Le Média, la chaine de télévision qui doit être lancée le 15 janvier 2018 par des personnalités proches de la France Insoumise et de Jean-Luc Mélenchon, peine à cacher ses origines politiques sous des oripeaux associatifs. Et ce bien que plusieurs figures de la presse de gauche ont rejoint l’aventure, notamment Aude Lancelin, virée du Nouvel Obs pour avoir été trop à gauche.
Avec elle et Aude Rossigneux, rédactrice en chef depuis le début du projet, on retrouve Serge Faubert, employé chez France-Soir (2005–2006) puis à Bakchich.info, puis rédacteur en chef de Jeune Afrique (2008–2009) et de Quoi.info (2011–2012) avant de rejoindre le cabinet de Jean-Paul Huchon quand il était président de la région Ile de France (novembre 2013 – mars 2014). Il y aussi Catherine Kirpach, ancienne de LCI ou Marc de Boni, ancien grand reporter au Figaro, mais qui a aussi écrit pour Libération. Sans oublier le journaliste franco-camerounais Théophile Kouamouo, Léa Ducré, qui a travaillé pour la télévision vietnamienne, mais aussi L’Orient le Jour, Marianne ou encore Le Monde des Religions, sans oublier Reda Settar, JRI et programmateur sur les émissions du service public.
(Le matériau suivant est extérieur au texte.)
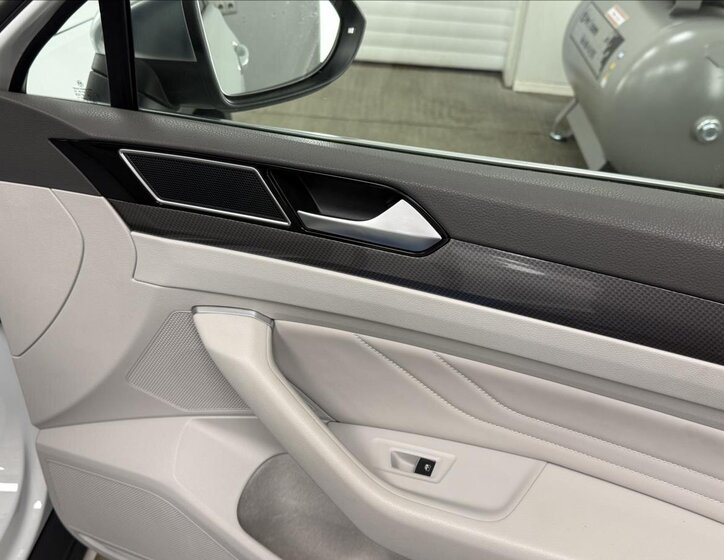 Volkswagen Passat 33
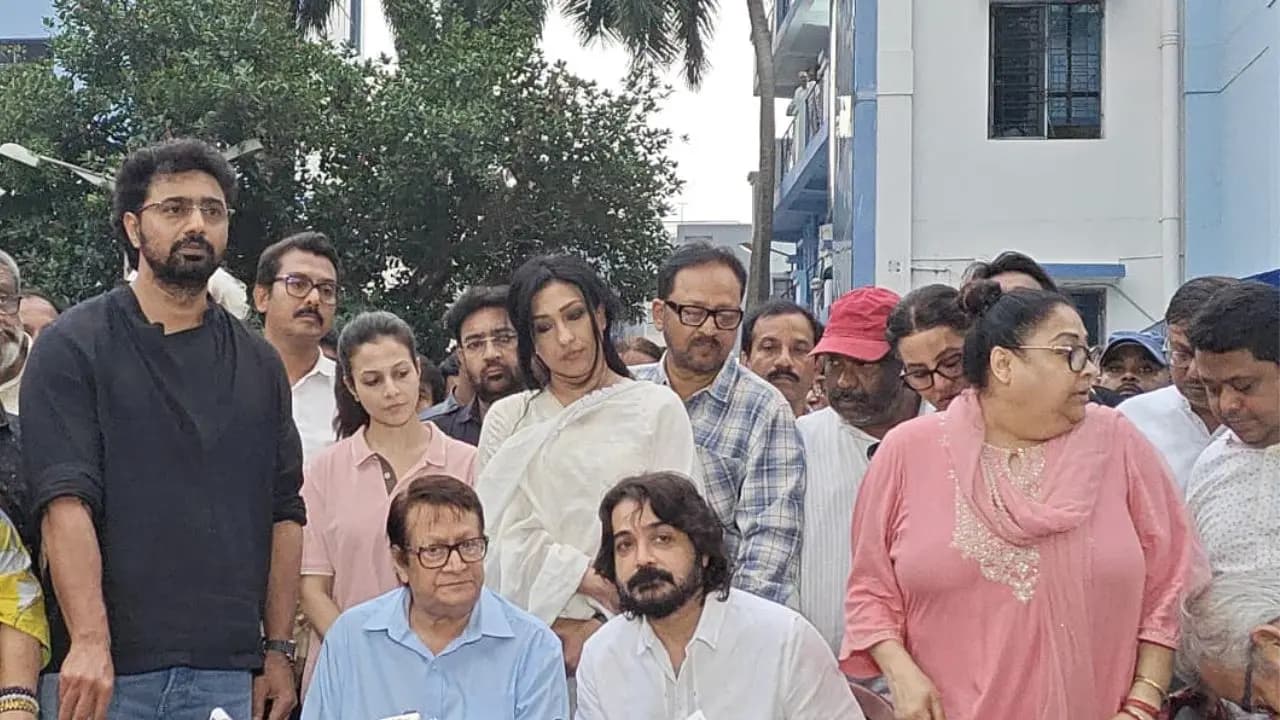 Tollywood meeting update magic moments motion pictures is banned and here is what they discussed about insurance and sop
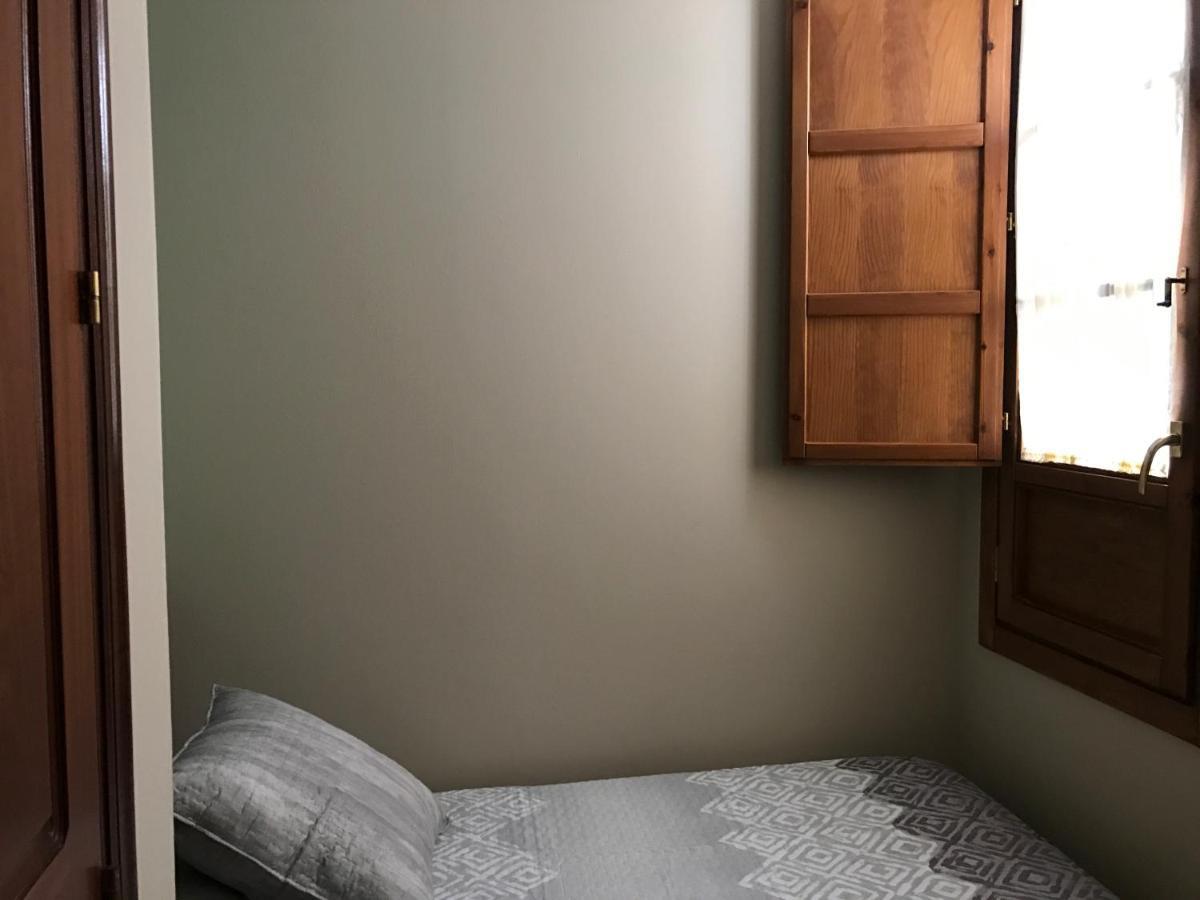 Hostal Puerta Carmona Seville Ngoại thất bức ảnh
Bref, une équipe venue d’horizons divers – mais essentiellement de la gauche – auxquelles s’ajouteront Noël Mamère – qu’on ne présente plus – et Bernard Cassen, ex-directeur du Monde Diplomatique, président d’honneur d’Attac, comme chroniqueurs. Aude Rossigneux imposera à tous de remplir une déclaration d’intérêts mentionnant ses activités antérieures ou actuelles, journalistiques ou de communication – cet outil servira-t-il à mieux informer les lecteurs ou à filtrer les voix autorisées et interdites sur la nouvelle Pravda de la France Insoumise ?
Une grosse zone d’ombre subsiste cependant sur la place des « socios », présentés comme les actionnaires participatifs du Média. Censés intervenir sur les choix stratégiques comme « copropriétaires » de la société d’après Sophia Chikirou, cofondatrice du Média et ancienne directrice de communication lors de la campagne présidentielle de Jean-Luc Mélenchon, ils ne sont pourtant toujours pas représentés ni au sein du Média – dont le site diffuseur est la propriété de Sophia Chikirou, remarque Médiapart – ni au sein de l’association. Du reste en droit français la notion de « copropriétaires » n’existe pas au sein d’une association.
« À ce jour, chacun des plus de 9 000 contributeurs est donc censé être propriétaire d’un “titre” d’une société qui n’a aucune existence légale », poursuit Médiapart. Le site internet du Media donne une piste : « Le Média pourra se transformer à l’avenir en coopérative. Dans un tel cas, et selon les modalités que l’association arrêtera, le droit d’entrée sera soit converti en participation dans la nouvelle structure, soit virtuellement remboursé et immédiatement réinvesti dans la coopérative créée ».
Cependant, malgré la récupération de 1,11 millions d’euros par Le Média, rien ne filtre sur la façon précise par laquelle cette somme sera convertie en droits pour les « socios ». D’autant que ça cloche aussi dans leur représentation. Le Média sera, d’après son règlement intérieur, constitué de trois collèges : les fondateurs (Sophia Chikirou et Gérard Miller), les sociétaires (les socios) et les « membres-correspondants » qui auront seuls le droit de vote en assemblée générale. Or, tous sont égaux mais certains plus que d’autres : ceux-là seront « cooptés par le bureau pour leur contribution notable à la réalisation des objectifs de l’association ». Sur quelles bases ? Mystère encore, mais il semble que les petits tuyaux et les grandes entourloupes des démocraties populaires n’ont pas été oubliés par La France Insoumise. Au risque que l’opacité quasi-revendiquée ne revienne comme un boomerang.